Federico de Nardis: Diversity initiatives differ based on market nuances. In Italy, we aimed for gender balance in leadership. However, in African countries like South Africa, racial diversity presents a unique challenge.

When I arrived, I was looking at the senior leadership, and although we have had some very strong local Black talent, honestly, there were a few compared to the percentage in the market and the size of a business. So looking at the pyramid, it was always reflecting South Africa’s Black population at the base, but towards the top of the pyramid, it was more and more white-dominated.

So, we've addressed two things.
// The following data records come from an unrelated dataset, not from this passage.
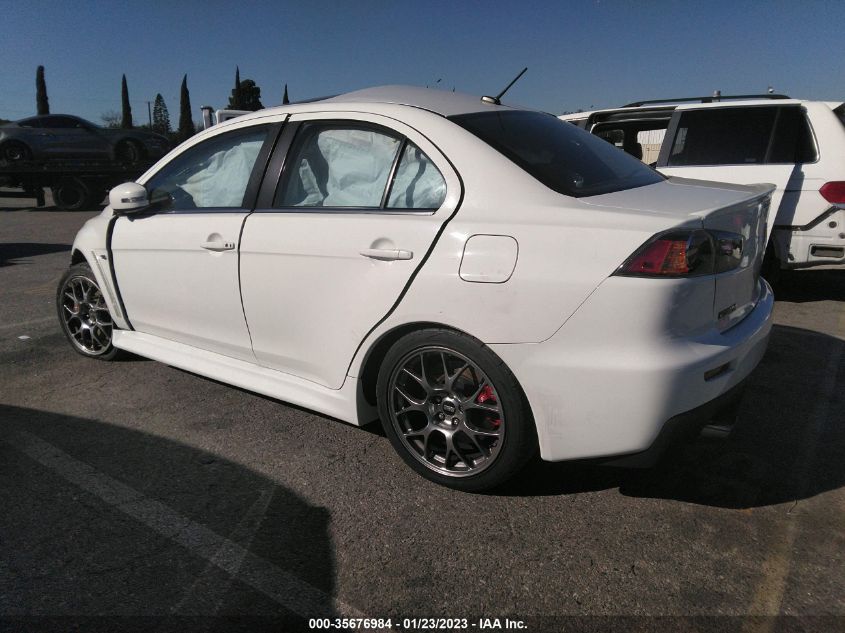 2015 MITSUBISHI LANCER EVOLUTION MR JA32W5FV3FU011758
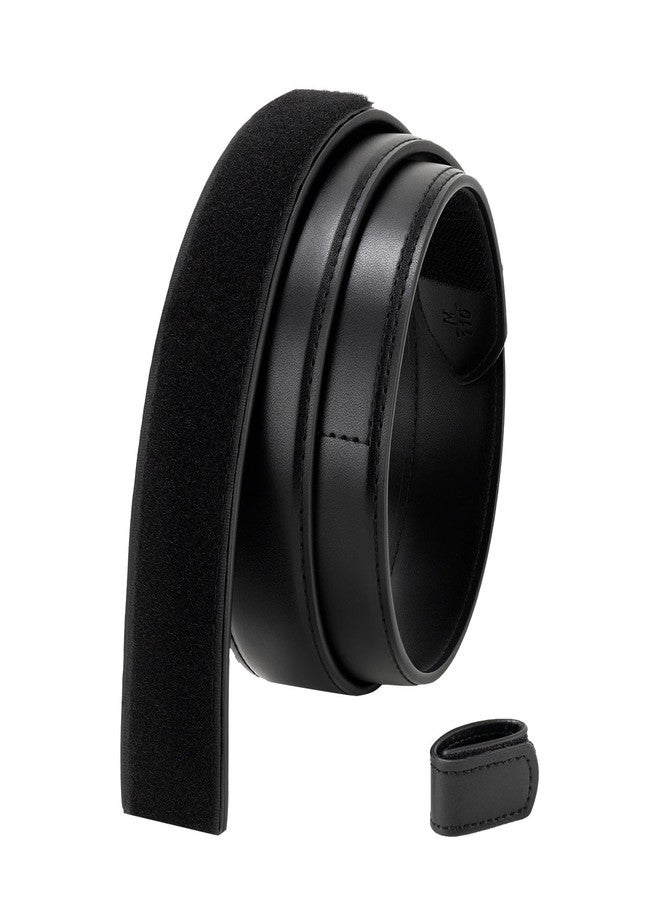 TACNEX Mechanic Belt Buckleless No Scratch Genuine Leather Belt 1 3/8" Wide Hook & Loop Closure for Technician Movers Industrial Work Travel Black M - Image 1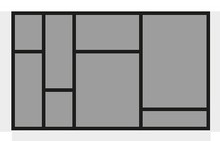 Organizacja szuflad Wkład na sztućce ORGATRAY 590 - srebrny / 507x412 mm - Hettich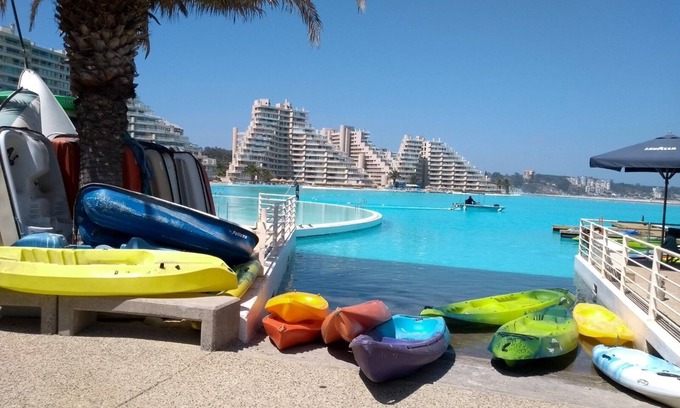 Algarrobo Apartamento | San Alfonso de Mar con laguna y SPA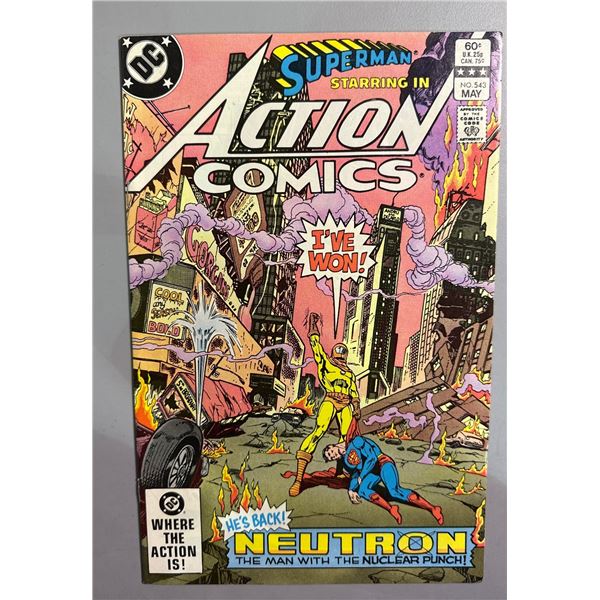 Action Comics #543 (DC, 1983) Superman vs Neutron - He's Back!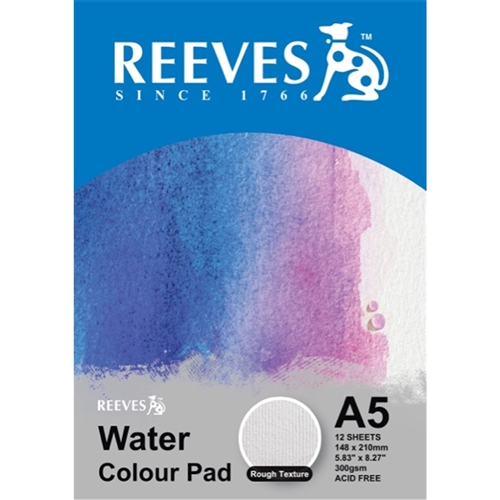 Reeves A5 Water Colour Pad Rough Texture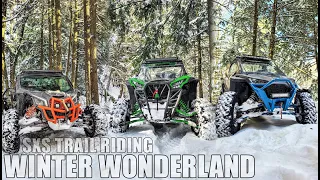 Winter Wonderland - Snowy SXS Hill Climbs + Uncontrollable Declines! RZR/X3/KRX/RMAX/Wildcat UTV's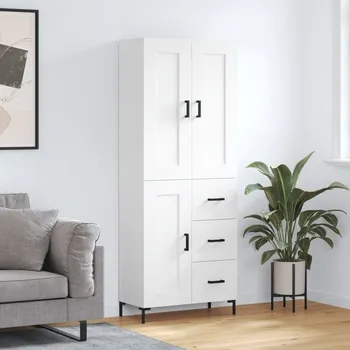 vidaXL Skříň highboard 69,5 x 34 x 180 cm kompozitní dřevo [3200002] Barva: Bílá
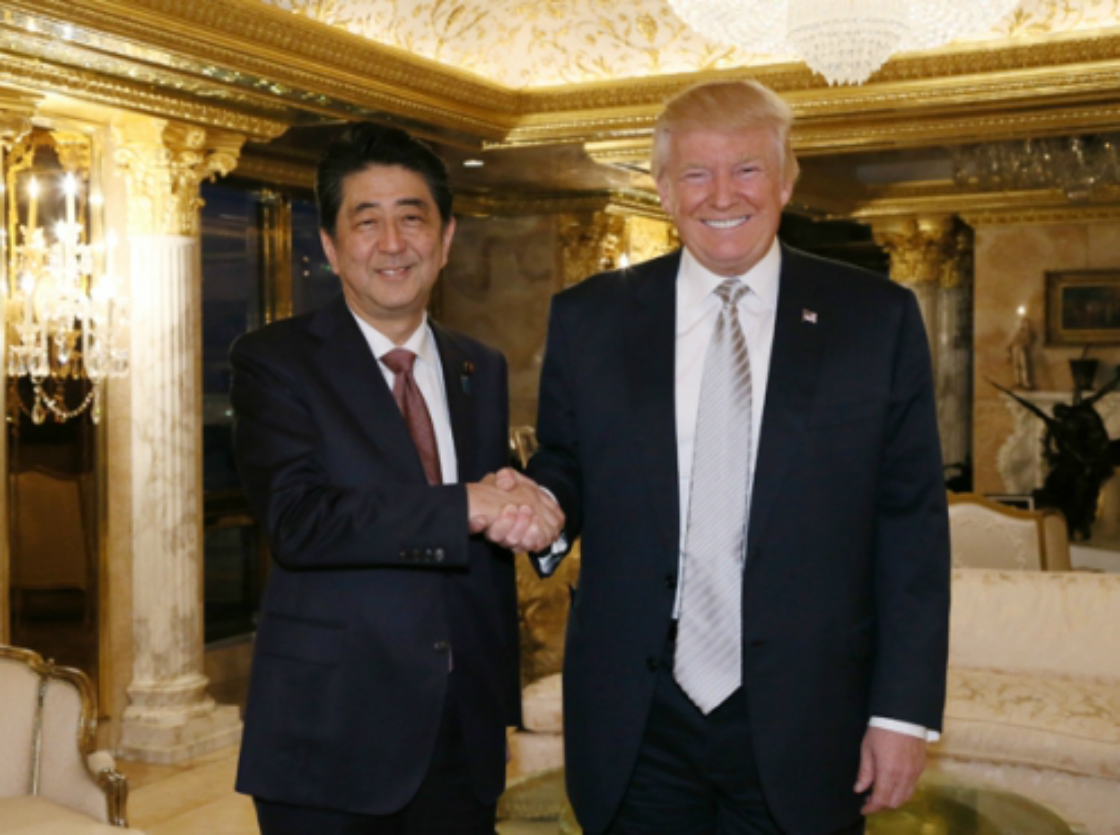 Japans Abe och Trump hade lätt att finna varandra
We launched The GradX programme, which addresses this by providing equal opportunities. It trains Black graduates from South Africa, Nigeria, and Kenya for leadership roles, aiming to counter historical white dominance.

We provide graduates with solid training and exposure and permanently employ them at the end of the 12-month program. We are aiming to build the talent and leadership of the future. But we know that that will take time; we are in our fourth year now. The program is delivering on its expectations. We are improving the program and creating more online e-learning and classroom experiences.

The other point is that we already have some very good mid-level Black talent. But how do we support them in the right way so that they can become senior leaders? In South Africa, the problem is that in the past, we always lost those talents to corporate clients because the pay was better, and it’s more socially relevant to say, “I'm working for well-renowned brands like Vodacom, Standard Bank or FNB”, for example. It’s really about giving Black mid-level talent the right training, experience, opportunity to grow, and appropriate financial compensation.

Adaora Oramah: How do you measure success for these initiatives within GroupM?

Federico de Nardis: Success in GradX hinges on program participants securing permanent roles post-training.

Clearly, GroupM can't hire everyone every year from the programme. At the moment, we are opening up to include our media partners and potential clients so that we are actually building talent within their organisation.

Retention rates provide another gauge of program efficacy. The goal is to retain local talents within the industry and dissuade them from migrating to other fields.

Adaora Oramah: Could you pinpoint current marketing and cultural trends in sub-Saharan Africa that excite or concern you?

Federico de Nardis: Creative protectionism. This is worrying me a bit, and I'm talking about things like Nigeria dictating that 75% of all creative content must be local. It’s potentially limiting cross-border collaboration. I understand where it's coming from, and it's definitely with good intentions, but I think that we all want Nigerian creatives to work not only in Nigeria but in Europe, the UK, the US, and the rest of Africa. Personally, I am never in favour of protectionism. Our world is so interconnected that protectionism is actually going in the opposite direction from where the world is going.

On a positive note, the growth of AI presents opportunities for the development of Africa's creative and media industries. It's also important that the capital flow to Africa supports these new developments. There have been quite a few investments from venture capital in Africa, but compared to other areas of the world, they are still small.

The reality is that there are fantastic small entrepreneurs and startups across Africa. It’s the youngest continent in the world. We will keep seeing new opportunities as long as they are supported by financial investments.

Adaora Oramah: Lastly, what advice do you have for junior and mid-level marketing professionals in Africa aiming for senior roles?

Federico de Nardis: Strengthen foundational skills first rather than pursuing a shallow, horizontal approach. Deep expertise and building solid basic skills in your chosen career are crucial.

I’ve seen this a number of times because young talents are very eager to grow; they tend to jump from one opportunity to the other, but in reality, you've missed building a solid base for your career, and then it's very difficult to go back.